Business’s poetry is obsessively of the digital age, taking its audience’s understanding of texting and social media for granted. This complicates the speaker’s habits of communication and, therefore, expressions of emotion. At the same time, though, the speaker is aware of the importance of an intimate connection with nature via the planets, plants, and animals around her.

The poetry’s occasional brutal honesty sometimes blunts but doesn’t impinge on its lyricism—as soon as a reader might notice how much is being worn on the speaker’s sleeve, Business turns to a metaphor or image that heightens, extends or exalts the more straight-forward outpourings: “i’m the morning / i’m alone // cars blend / into each other // like a diamond necklace” (“everyone says you”, lines 23-27). Business also is not afraid to muse aloud in her poetry about process, audience, and poetry itself in an admirably authentic and seemingly un-self-conscious way, connecting the poems to the title of the collection. The shifting relationship between the speaker and the “you” as well as the aforementioned lack of punctuation all serve to pace and complicate the way that the ideas and images build on each other in this short but satisfying online micro-chapbook.

 

Lillian, Fred by Alison Strub (BOAAT Press, May 2016) Lillian, Fred

When I first started reading this beautifully designed chapbook of two-voiced poems organized on the page into justified rectangles, the precise relationship between the two title characters was of immediate interest. Fred, the lefthand voice, asks Lillian, the righthand voice, mostly unanswerable questions; comments on Lillian’s virtues, diet, and fashion; and, sometimes, gives her instructions. Lillian explains Fred’s latest auto-didacticisms and interpretations of her dreams. He is constantly “reading up” on something that the two of them are “going to work on,” and this repeated notion helps to form a longer refrain beginning in the second poem and lasting through the last poem.

Strub’s language is often elegant in a way that makes Lillian and Fred seem as though from a time before ours, yet the chapbook is clearly of a modern age with its occasional slang and vulgarities as well as consistent references to newer technologies, like social media, modern preventative contraception, and screens: “The rest / of the room is dark. Glow screen, / glow. Glow the endless internet” (poem 13).

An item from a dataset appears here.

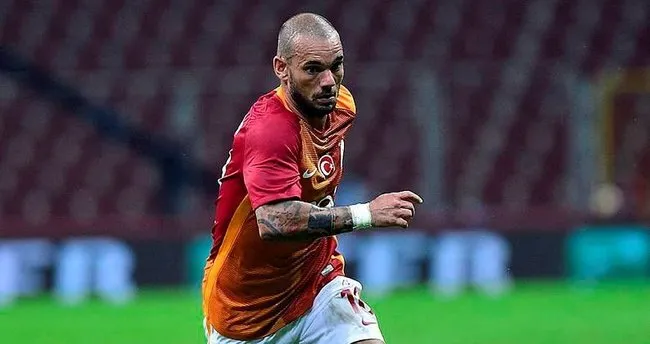 Galatasaray’da Sneijder şoku!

Each numbered poem can stand on its own, as evidenced by publication of a few in noteworthy literary journals, but together they build a larger narrative. Lillian says, in the opening stanza, “Fred wants to sleep with me, but he really shouldn’t,” (1) and later an engagement ring appears in one of her dreams, as do love letters from her many suitors. Fred is majorly concerned with Lillian understanding how special she is but also mentions her inability to clean the house properly multiple times:

…You are always

bewitching, although you spend

most days cyberloafing. Your chalice

collection is pedantic, but you’re

good for many things. You need just

need to Swiffer more. Keep working

on that. (6)

Fred refers to himself and Lillian as “intimate friends” at one point, not necessarily the way one might refer to a fiancée or girlfriend. The fluctuating story of their relationship drives this lovely chapbook forward, leaving a finished reader wanting more. Any relationship is work, and this chapbook teaches that knowing you always have “so many things to work on,” (25) helps to sustain one.

 

In Resonance

In Resonance: Translations of Light in Language by Danielle Vogel (Essay Press, January 2016)

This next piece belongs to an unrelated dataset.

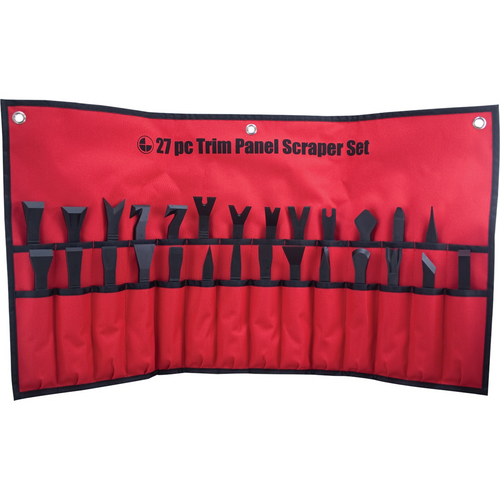 Dent Fix 27PC Trim Panel Scraper Set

This chapbook is made of selections from a longer book-length lyric essay, A Library of Light, which seeks to translate the impossible language of grief through conceptions of light. This helps to explain both the fragmentary nature of this work as well as the textbook-like voice it occasionally employs. Vogel uses science-married-to-art to explain that which cannot otherwise be explained rationally.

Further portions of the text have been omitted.